MR fluid based wearable haptics interface


This work is being done in collaboration with Yang Chen under the guidance of Prof. Heather Culbertson at the HaRVI Lab.

In this research, we aim to create a magnetorheological fluid (MR fluid) based touch interface that can provide vibration, adhesion, and stiffness feedback during touch interaction. MR fluid is a smart fluid made of magnetic particles and a carrier liquid. A magnetic field applied to the MR fluid rearranges the magnetic particles in the fluid and increases its shear stress, causing a great increase in the apparent viscosity of the fluid When the magnetic fields are switched on and off quickly, a vibration can be induced in MR fluid. We propose a system that utilizes such properties to provide haptic feedback in a Unity-based VR environment through the use of a pair of gloves embedded with MR fluid in the fingertips and a magnet-array-based interface that is capable of producing varying magnetic fields locally.

Our system addresses feedback of three parameters: vibration, adhesion, and stiffness.

Vibration can be achieved by controlling magnetic field intensity using a time-series approach, where the strength of the magnetic field translates directly to the amplitude of the vibration; and the frequency of the vibration is based on the signal variation displayed by the magnet. MR fluid has a forming time of about 2ms, which means it is theoretically capable of displaying vibrations up to 500Hz. We set a vibration frequency cap at 300Hz since near-threshold vibration loses its sharpness from our experiments.

Stiffness and adhesion are also achieved by changing the intensity of the magnetic field, but with different controlling techniques. We aim to render a “stiffness proxy”: as the user drags their finger along the surface, a signal is displayed directly under the user’s fingers’ position. A stiffer material will have a higher amplitude than a softer material with a lower amplitude. Lastly, adhesion is a byproduct of magnetic fields, but instead of directly applying such a field under the user’s finger, we will try to display a magnetic field near the user’s finger, which creates an attraction between the working magnet and MR fluid pouch, allowing us to guide finger positioning and provide adhesion to a specific direction.

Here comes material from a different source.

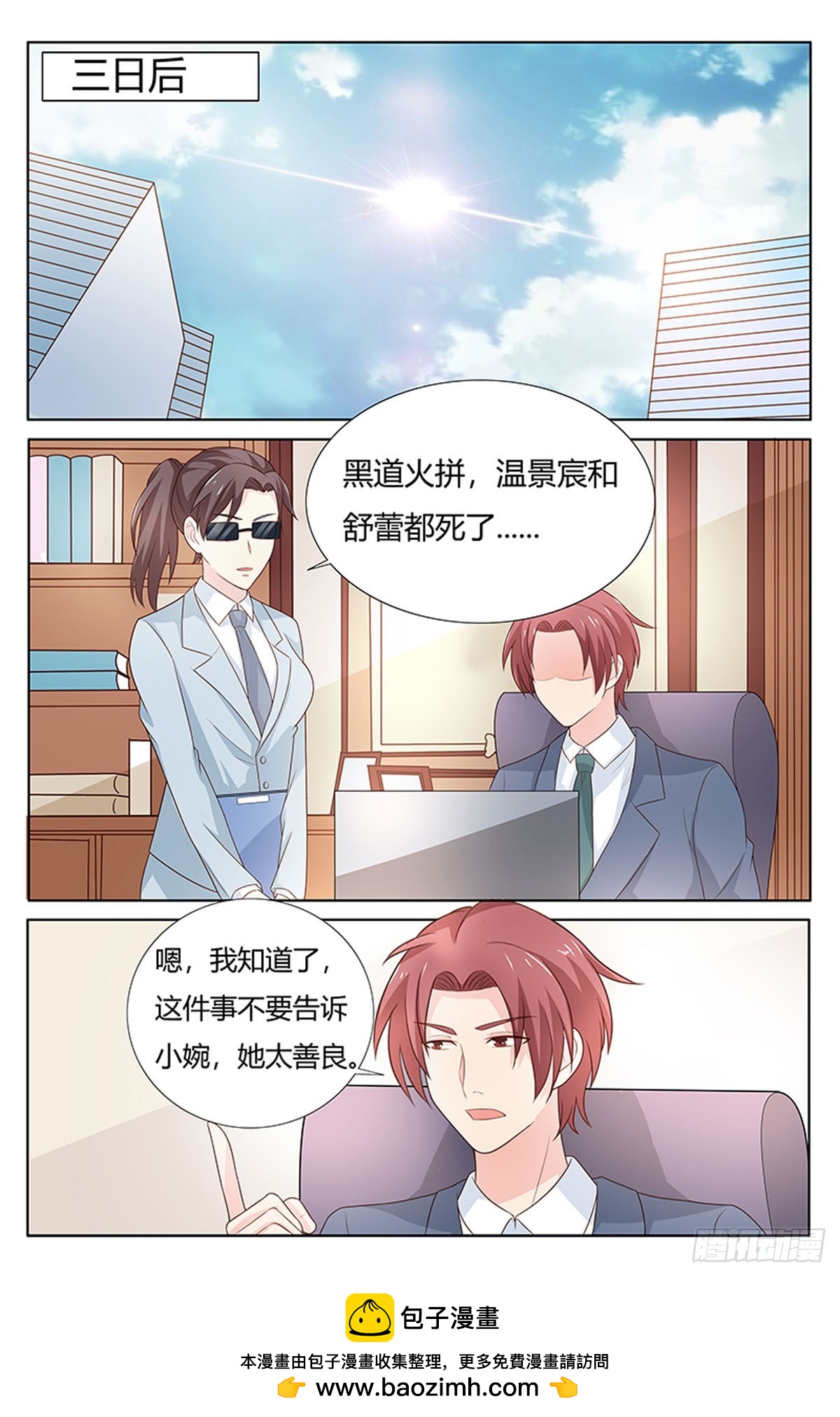 《逃不掉的全能大佬》第274话 第9页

Currently, we interfaced this setup with a VR environment built through Unity. We proposed a proof of concept setup using four magnets arranged in a T shape, similar to the arrow keys on a keyboard. Magnets were kept in an acrylic box created by laser cutting with a capacitive touch screen overlay. The user’s hands’ position is tracked through Oculus and contact detection is through capacitive touchscreen feedback. The touch inputs are calibrated such that when a finger is touched on top of the magnets, it triggers a custom event defined by the user. We plan to conduct user studies to evaluate our devices in terms of usability, assisting user input, and improving finger motor skills through assistive touch input using our MR fluid Interface.

I primarily worked on researching the strengths of various electromagnet - MR fluid combinations for best results, and on building VR environments using Unity to map interactions and to run user studies. I also worked on processing raw sensor data from the headsets, and combining it with a time-series signal to activate specific magnets based on user actions and control the magnetic field intensity accordingly.

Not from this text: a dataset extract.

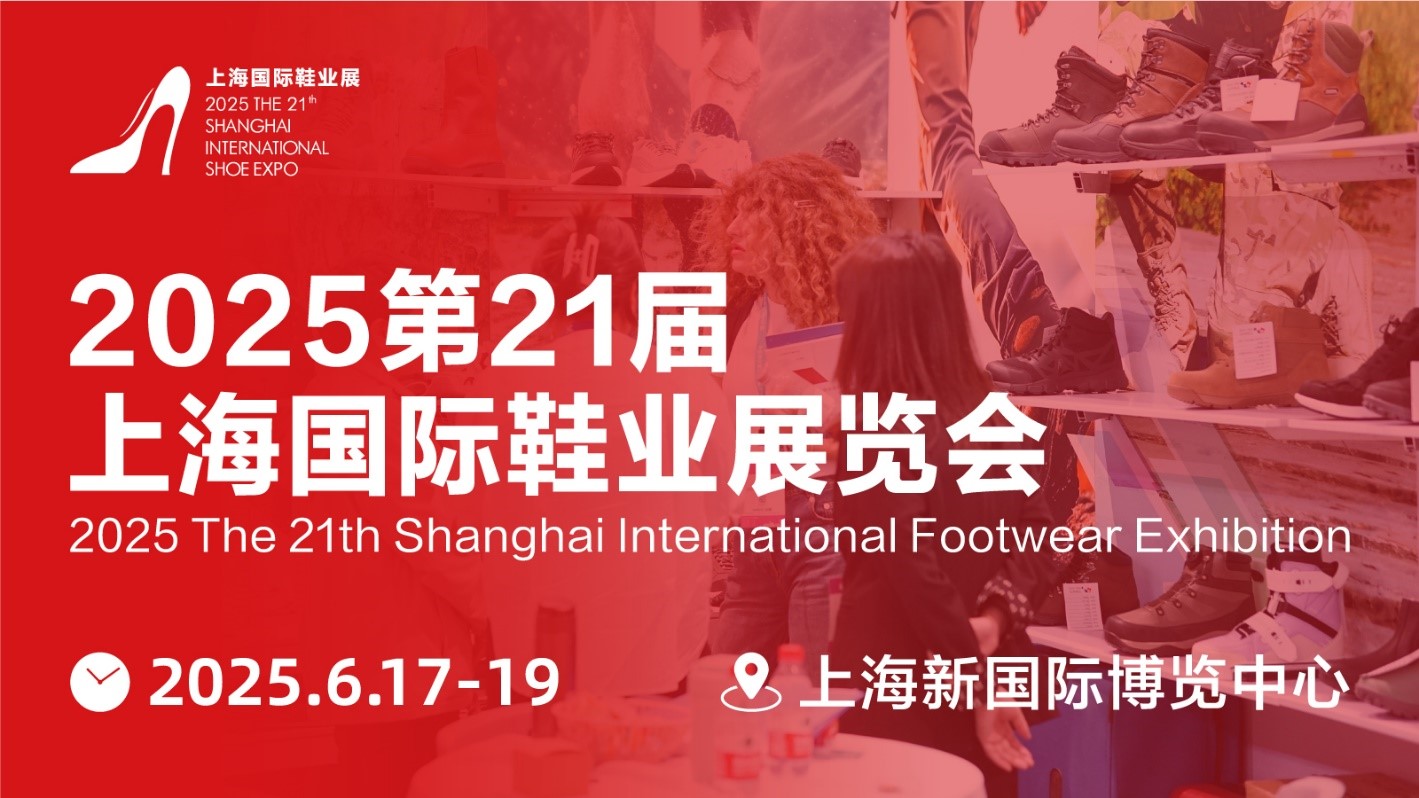 河南省皮革行业协会同意协办第21届上海国际箱包&鞋业展览会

Below is our current setup:

Fig 1: Current setup showing the magnetic interface, MR fluid pouch and HiFiberry driver circuits

In this:

  1. Magnetic array interface contaning
    a. Electromagnetic coils (top view)
    b. Capacitive touch screen interface. 2D signals $(x,y)$ from this are fed to the VR environment to show precise position of user’s interaction (see figure 2)
  2. HiFiberry - RasPi interface to generate PWM signals for controlling localised activation of electromagnets. We are using Hifiberry (AMP2 + raspberry) * 2 as 4 channels output to drive the current setup.
  3. Pouch containing the Magneto-rheological (MR) fluid with 24.5g and 70% packing by weight, using mineral oil.
Fig 2: Interaction mappin showing a mapping of user's finger on a magnet in to a similar position in VR. Note the small black square highlighted with red in the monitor representing the tracked position.

For the electromagnet, we tested a combination of different number of turns, and finally went with a coil with 700 turns made with 34AWG copper wire. The coil (after winding) has a length of 22.6mm, and a diameter of 8mm with a resistance of ~20.7ohms. We use a ferromagnetic core.

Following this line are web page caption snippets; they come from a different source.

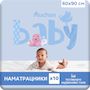Voir la diapositive 5 : AUCHAN BABY Protège-matelas 60x90cm 10 pièces
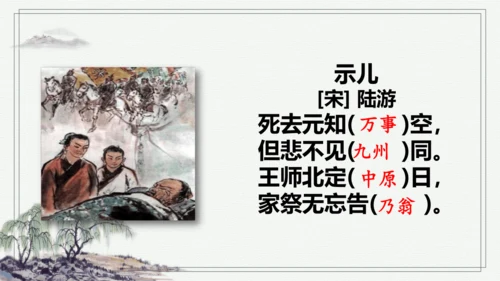 【学霸提优】统编版语文五上（ 第四单元重难点梳理复习）（课件）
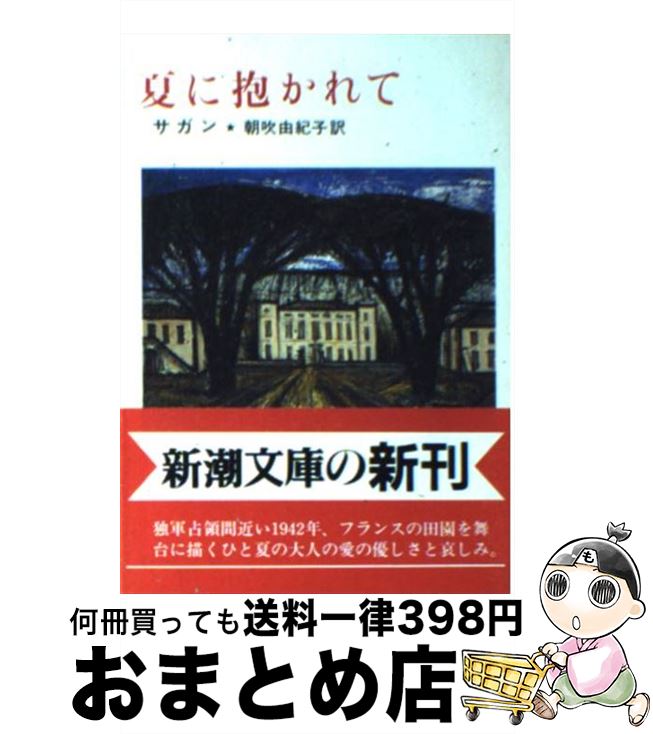 【中古】 夏に抱かれて / フランソワーズ サガン, 朝吹 由紀子, Francoise Sagan / 新潮社 [文庫]【宅配便出荷】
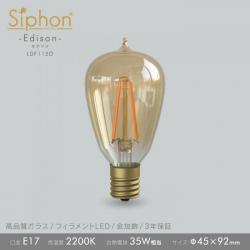 「Siphon」 エジソン ST45【LDF115D】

Fig 3a: Bunch of magnets we ended up winding. The number of turns in these range from 500 - 1500.
Fig 3b: The coil-winding machine we used. Initally started with a manual winder (standing blurry in the back), but that nightmare was quickly ditched for the greener pastures of an automated paradise.

While the pouch shown in Figure 1 is a large one, we explored manufacturing small ones that can fit on fingertips while keeping it cost-efficient. Among others, we played around with different forms of heat seals using small plastic pouches, heat-sealable fabric, double-sided tape, and water balloons. While the hardware interface is in place, building these pouches remains a work in progress.

Recommended citation: Yang Chen, Srikar Mutnuri, Haylee Mota, Heather Culbertson. “Dense Magnet Array for MR Fluid-Based Fingertip Haptics Interface: Integrating Vibrotactile and Adhesion Feedback” (work-in-progress)